La tournée du facteur de Presles n'était pas toujours agréable à faire.
À ce temps-là, la route de Châtelet à Fosses était macadamisée (système de revêtement des chaussées avec des pierres concassées et du sable que l'on agglomère au moyen de rouleaux compresseurs). Il en résultait que le passage des chariots aux roues garnies de gros bandages en fer (les autos étant encore peu nombreuses) détruisait la couverture de la route, d'où, en été, la chaussée était poussiéreuse. Il arrivait que, à la suite des dégradations, des nids de poule se formaient, se remplissaient d'eau lors des périodes pluvieuses, et la route macadamisée devenait alors boueuse.
Pendant l'hiver, lorsque les chutes de neige étaient abondantes, la chaussée restait couverte d'une couche de neige parfois importante.
Les ouvriers se rendant tôt le matin au lieu de leur travail devaient se frayer un passage dans cette couche de neige immaculée, mais propice aux chutes.
Le facteur de Presles, sur son vélo, était l'un des premiers à se faire un passage dans la neige.
Parmi nos souvenirs, nous avons encore en mémoire que de Châtelet à Presles, le long de la Drève, des congères, appelées bancs de neige, de plus ou moins vingt mètres de long et épaisses de soixante à quatre-vingts centimètres, se formaient en trois endroits. Il y avait un banc avant d'arriver aux maisons de l'ancien charbonnage de Carnelle ; un autre passé ledit charbonnage et le pied de la côte de Carnelle ; le troisième entre Carnelle et la Drève, au lieu-dit li Nwâr Tchimin.
Le charroi à traction chevaline n'était pas important, il ne laissait dans la neige que les pas des chevaux et deux roulèyes, traces faites par les roues des chariots.
On était tout heureux de suivre ces pistes frayées par les premiers travailleurs.
À cette époque, l'épandage de sel (calcium) et le déblaiement de la neige avec un chasse-neige étaient encore inconnus aux services des Ponts et Chaussées.
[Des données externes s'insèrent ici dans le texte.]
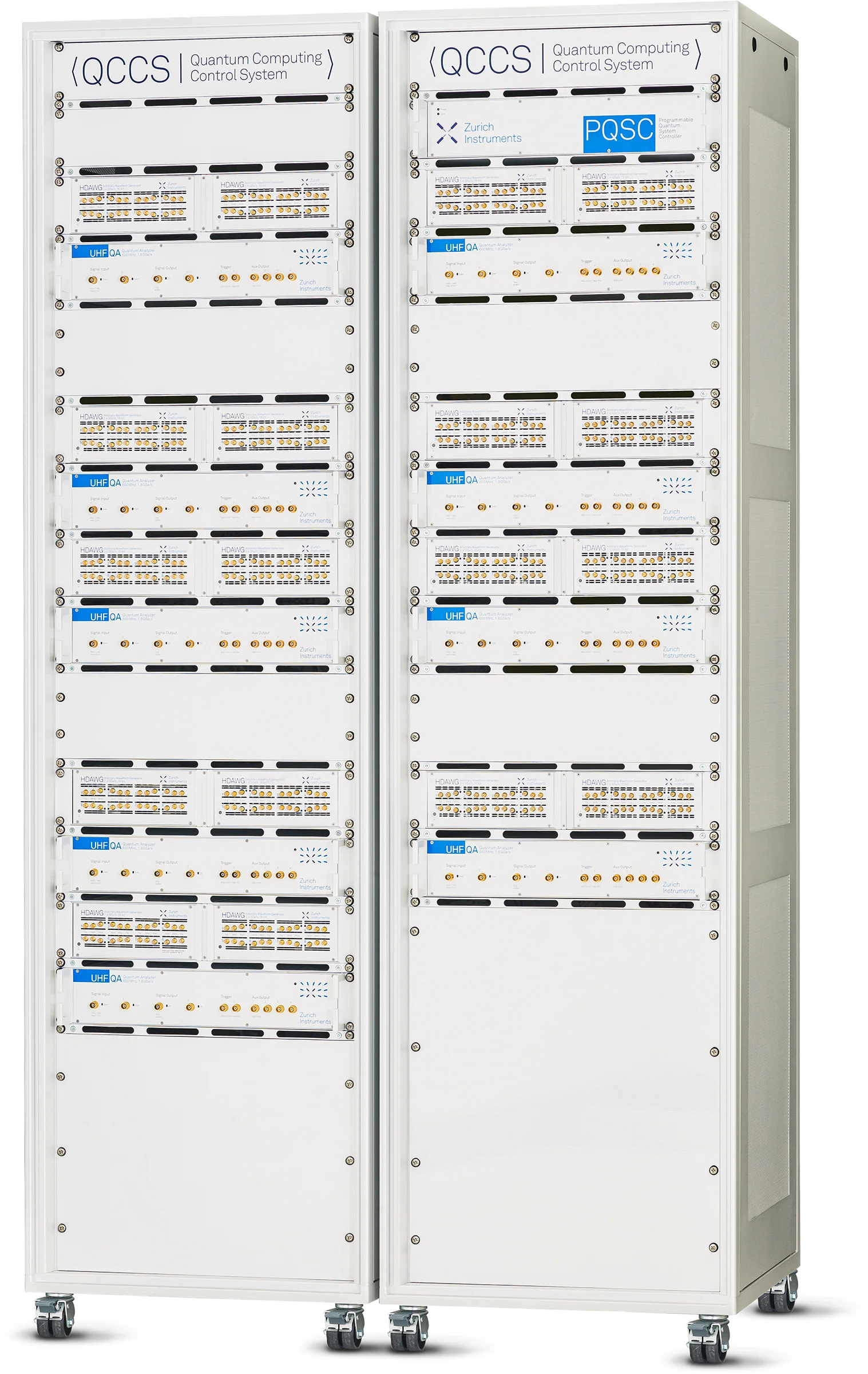 Zurich Instruments QCCS Quantum Computing Control System Rack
La situation devenait pénible et même dangereuse pour les usagers, lorsque la neige restait sur place, et, que la gelée persistait. Pour ceux, qui comme nous, empruntaient la route, les chutes étaient fréquentes et devenaient dangereuses.
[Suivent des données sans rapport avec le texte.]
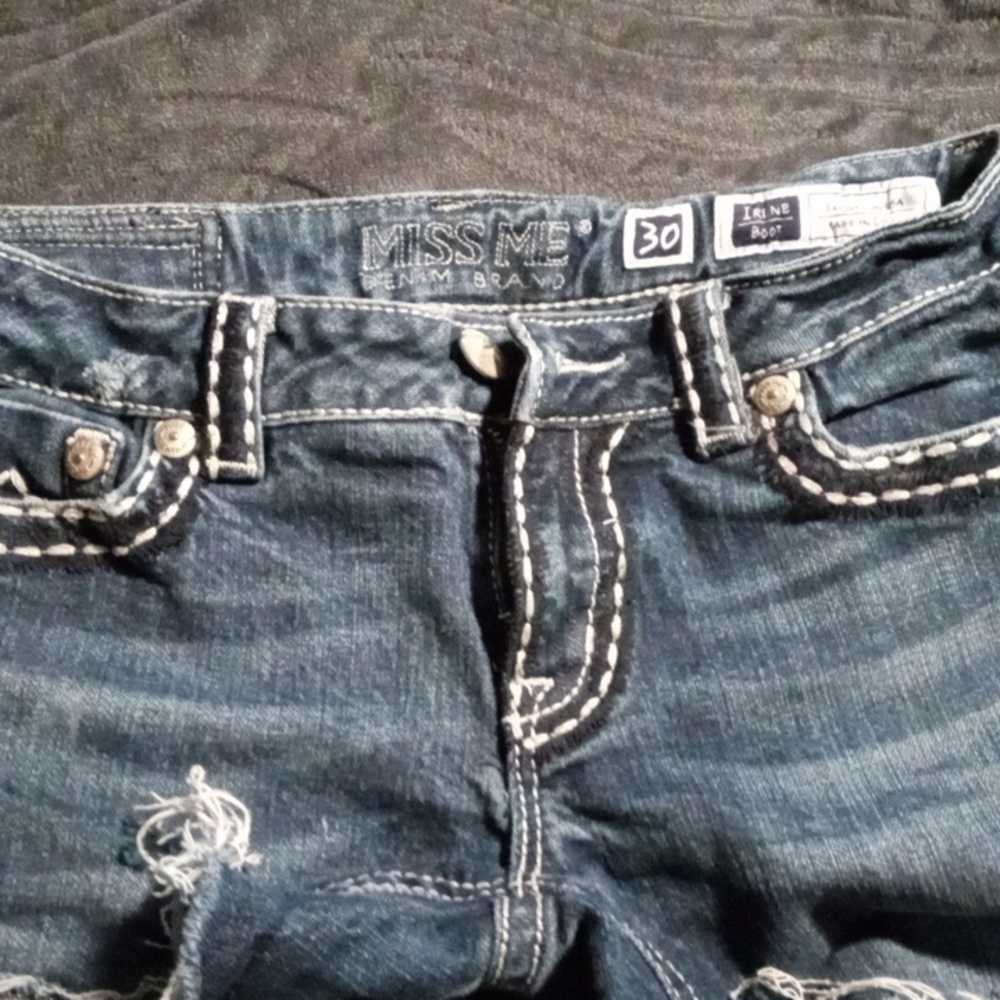 Miss me cut offs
Un jour de décembre 1932, la route était couverte par une épaisse couche de neige et les congères s'étaient formées aux endroits cités.
Ce matin-là, le facteur et moi nous roulions avec prudence.
Lorsque nous sommes arrivés au bas de la côte de Carnelle, je me suis retourné pour voir si le facteur me suivait : la route était déserte : pas de facteur en vue.
Abandonnant mon vélo, retournant sur mes pas, je l’ai découvert coincé dans le fossé, ne sachant se dégager, entravé qu'il était par son vélo, sa grosse sacoche pleine de courrier, son grand caban et les deux porte-bagages chargés de petits colis.
Cette situation, si elle était cocasse, aurait pu néanmoins être dramatique. Heureusement, il n'en fut rien.
Le facteur avait dérapé, ne sachant plus diriger son vélo, il était allé droit au fossé rempli de neige qui recouvrait la campagne, et que le vent avait particulièrement amassé en cet endroit.
Après avoir tiré mon ami du fossé, il fallut bien prendre son parti de cette mésaventure et en rire, car elle pouvait arriver à tout le monde, c'étaient les risques du métier et les accidents de la route de cette époque.
Le facteur de Presles avait fini sa journée au bureau des postes de Châtelineau, vers deux heures de relevée, mais il avait encore à s'allonger cinq kilomètres pour rentrer à la maison. C'était normal en ce temps-là pour tous les travailleurs qui faisaient des journées de douze ou quatorze heures.
À cette époque, un facteur nommé François TABARY, demeurant à Châtelet, Place Saint Roch, assumait la tournée de l'après-midi.
Cet agent des postes faisait sa tournée à pied, montant tous les jours à Presles, vers les trois heures de relevée. Il ne distribuait que du courrier, s'en revenant par le même chemin, vers dix-neuf heures.
Le métier de facteur d'aujourd'hui n'est plus du tout comparable à celui du temps passé.